I’m a state of Virginia boy and hope you can help me as I have an unusual problem with my human parents.
They get angry at me for what I do when I crawl into their bed at night.
You see, I’m just a 2-month-old French bulldog puppy so I don’t understand what I’m doing wrong. I love to sleep between them because it’s so warm and “comfy” there.
I’m quite small and I don’t take up much room. I’m very quiet so I don’t wake them. But they just keep putting me on the floor saying, “Walter, this bed is not for dogs.”
Don’t you just love the name they gave me? I feel so rejected that I want to cry. But I’m single-minded and I don’t give up. Unfortunately, neither do they.
So, Ollie, please help me convince them I really need their bed and I will sleep in my own bed when I get older.
Dear Walter: Uh oh ... once in the bed, always in the bed, and I should know.
Trainers like author Gerilyn Bielakiewicz recommend that no dogs should ever be on the beds or furniture.

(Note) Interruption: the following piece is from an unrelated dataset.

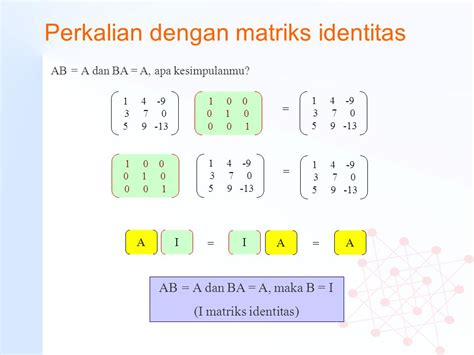 Matriks Identitas – Studyhelp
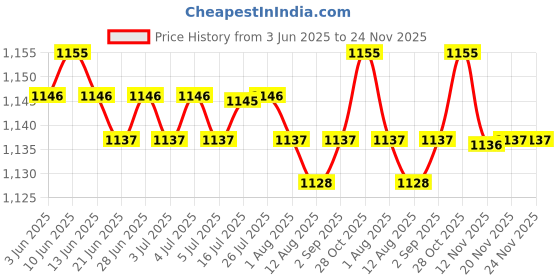 amazon.in CALANDIS™ 3.5mm Plug Mini Clip Microphone Mic For iPhone SmartPhone Recording | Pro Audio Equipment Price History Graph from 3 Jun 2025 to 24 Nov 2025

Young dogs should sleep in a crate or in their own bed — not in bed with the human master. “The humans’ bed is the highest, most special place in the house and should be reserved for humans only,” she says. Nice try.
Dogs see this issue quite differently. They see the bed as a den, sanctuary or retreat. A dog feels safe with his or her humans and the humans, no doubt, feel protected to some extent.
I have always slept with my human parents and so do the other four dogs.
We are small, bathed regularly and are “flea less” not be confused with fearless, and it’s great they have a king-size bed.
We are all housebroken and know our special spot in the bed and sleep only there. We are all older and sleep through the night with the exception of Opie Taylor, who occasionally jumps off the bed in pursuit of a squeaky toy.
So there it is. I have heard humans say the rhythm of a dog breathing while sleeping can be very comforting.
My human parents have a friend named Sharon who raises dogs. She has five. When asked where her dogs sleep, she said three sleep in the bed. Two, she said, sleep in crates on either side of the bed — with the crates also serving as end tables.
I am interested in hearing about who wins the battle of the bed at your house, Walter. You, a comical little guy with bat-like ears and a pug nose, are really just too cute to turn away from the bed.
I believe your humans have already lost the battle. Am I right?